++++ Given data ++++

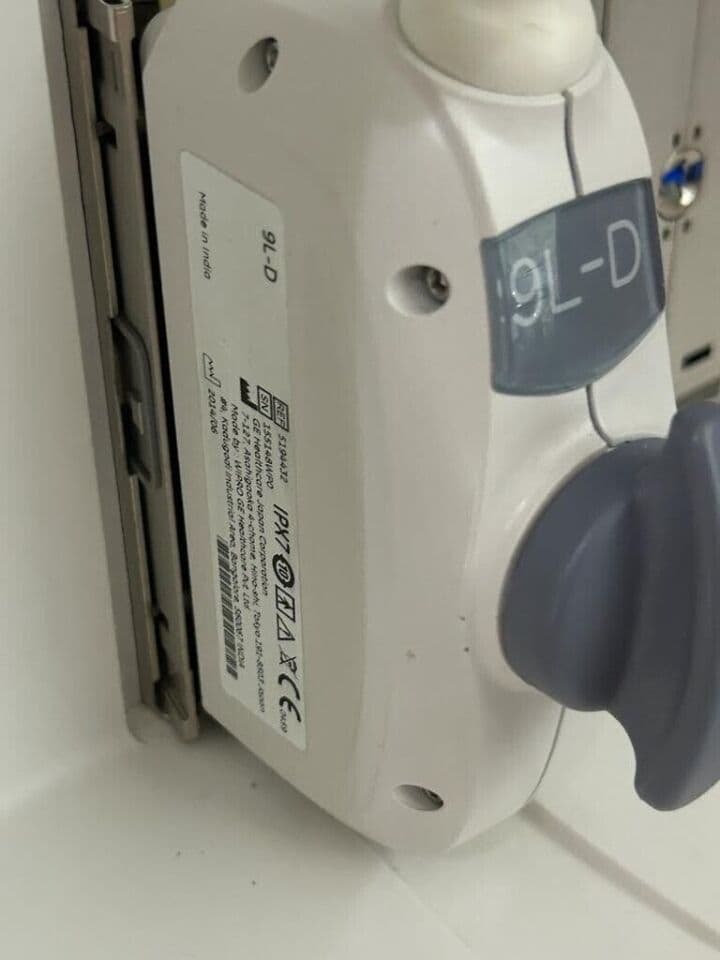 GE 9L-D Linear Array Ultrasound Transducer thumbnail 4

++++
++++ Given data ++++

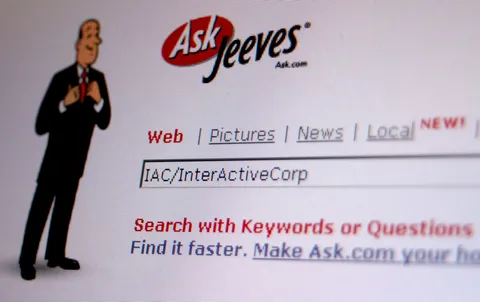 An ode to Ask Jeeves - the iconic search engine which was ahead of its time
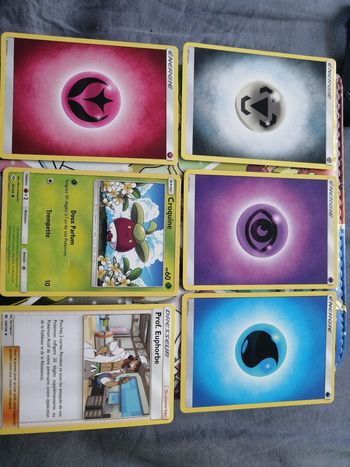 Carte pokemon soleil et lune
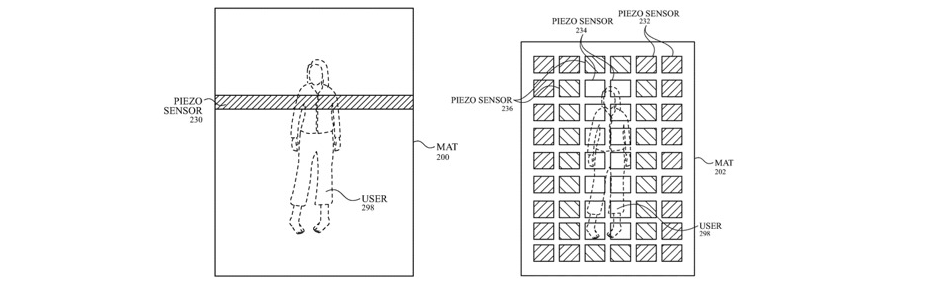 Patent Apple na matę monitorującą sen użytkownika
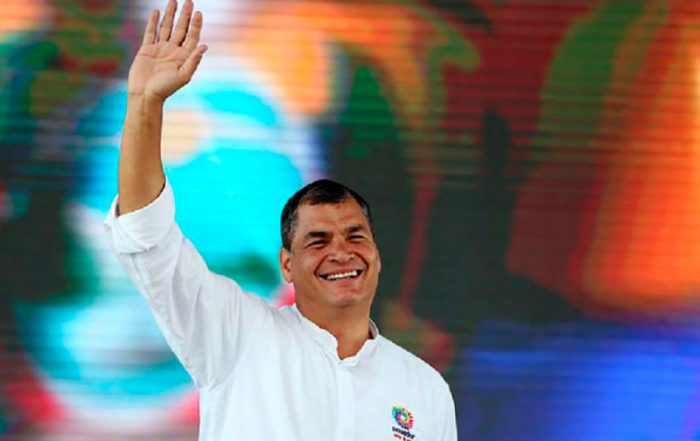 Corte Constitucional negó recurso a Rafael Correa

++++
++++ Given data ++++

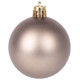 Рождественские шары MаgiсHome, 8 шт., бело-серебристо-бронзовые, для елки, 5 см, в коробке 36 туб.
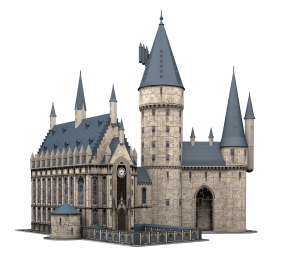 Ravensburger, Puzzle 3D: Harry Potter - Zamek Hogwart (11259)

++++

Work request
Using the listing above, repeat word for word each line from the one with "Carte pokemon soleil et lune" down to the one with "Corte Constitucional negó", both included. Omit all pictures.

Exercise answer
 Carte pokemon soleil et lune
 Patent Apple na matę monitorującą sen użytkownika
 Corte Constitucional negó recurso a Rafael Correa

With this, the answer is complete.